The closer the power factor is to 1.0 (or equal kVA to KW), the better. Otherwise, you’ll need multiple UPS units to deliver the desired KW.
The more a data center is able to maximize its kilowatt power, the more clients it can support. And, the more power you can pack in a smaller footprint, the more space you can use for critical operations, enhancing your bottom line.
So, data center owners want a UPS with a kVA and power factor that gets as close to power operating requirements as possible:
Look for a UPS with a high power factor and a kVA that matches your KW requirement. You may want to consider a kVA slightly higher than your requirement to provide room for growth, or add UPS modules as you grow.
Consider the physical size and weight of a UPS as increased white space leads to increased data center efficiency. Mitsubishi offers modules with elevated power, but a smaller and lighter footprint for an easier installation process and minimal floor space requirements. Plus, there are now UPS models that are truly expandable and can grow as the data center grows.
Opting for a modular UPS plan allows you to bring in (and pay for) just what power you need while providing opportunities to grow and take advantage of future UPS technologies. When the next generation of power modules arrives to take performance and efficiencies to unprecedented levels, you’ll have the flexibility to integrate the advanced technology into your data center power.

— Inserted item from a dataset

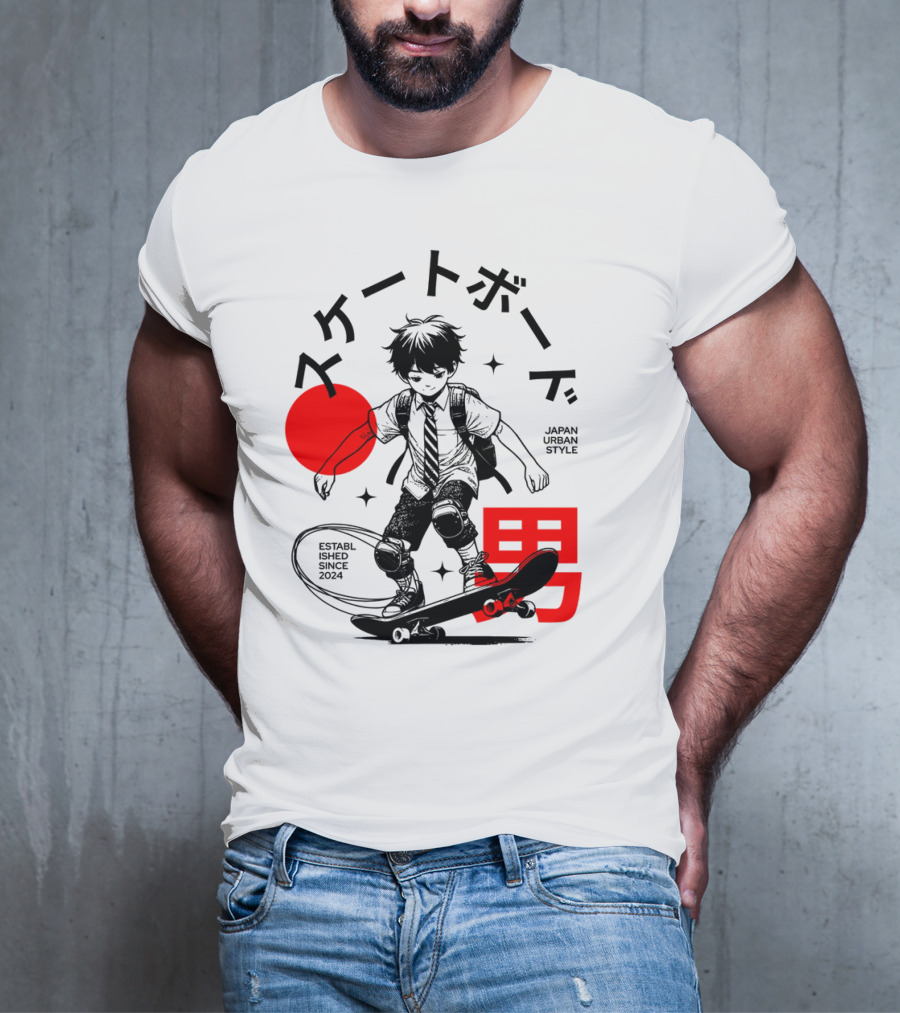 Skateboarde Japan Urban Style Established Since T-Shirt
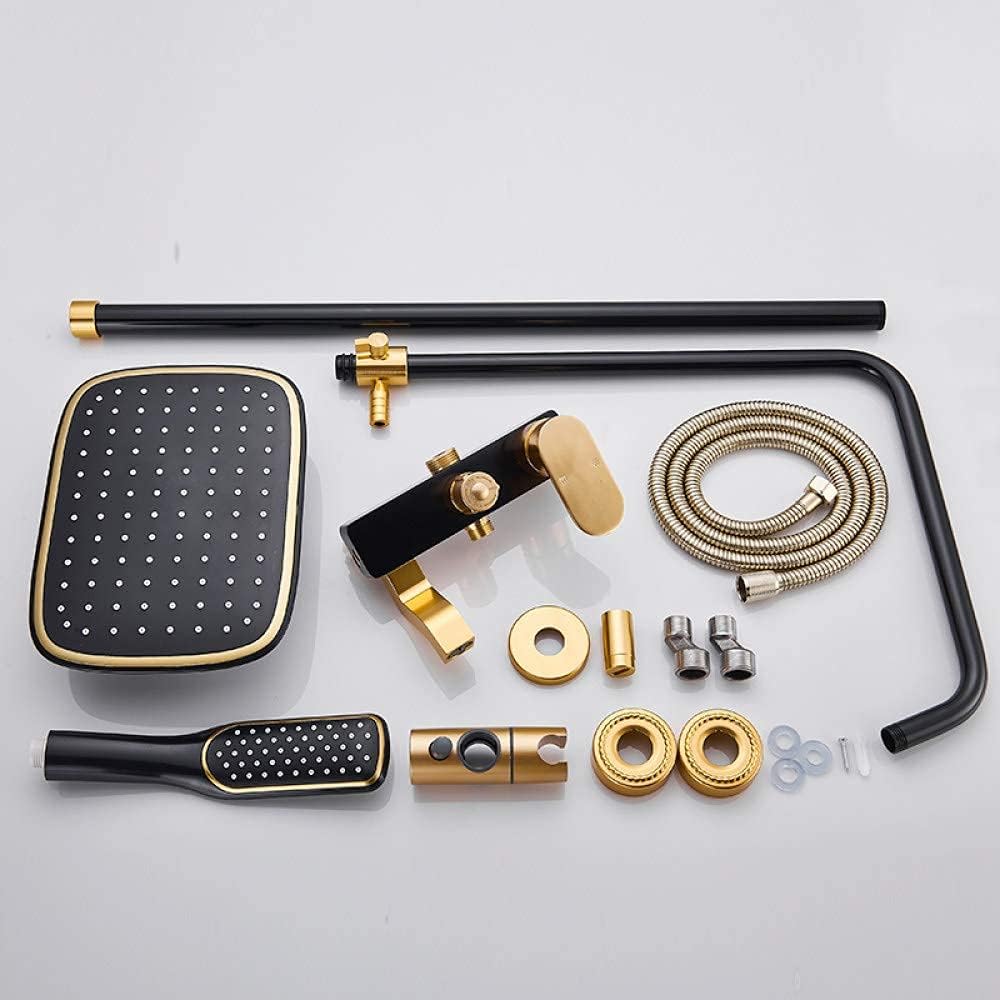 MHome Wall Mounted Bathroom Shower Set Black+Rainfall Shower Head+ Hand Held Spray Tap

When choosing a new UPS for your data center, compare expected efficiencies of various models across all load levels. Facility managers should ask for a factory witness test to see how a UPS performs under realistic operating conditions and if it can give your data center the energy efficiency you require.
Alternatively, a reputable UPS manufacturer should be able to supply case studies and/or client contact information to support their performance claims. Mitsubishi Electric goes a step further and offers a performance guarantee that the efficiency of a UPS will not be less than 1% below the efficiency published in the Mitsubishi Electric factory specification.
Selecting a UPS that is merely 1% more efficient than your current model can lead to huge savings in power consumption over the lifetime of the UPS, which is typically 15 years. The actual savings possible is a factor of the utility rate and the load being supported, but conservative calculations estimate these savings to amount to hundreds of thousands of dollars. In addition, a more efficient UPS means that it is giving off less heat, which requires less cooling. An decrease in cooling requirements lowers operating costs even further.
* ENERGY STAR products are independently certified to save energy without sacrificing features or functionality.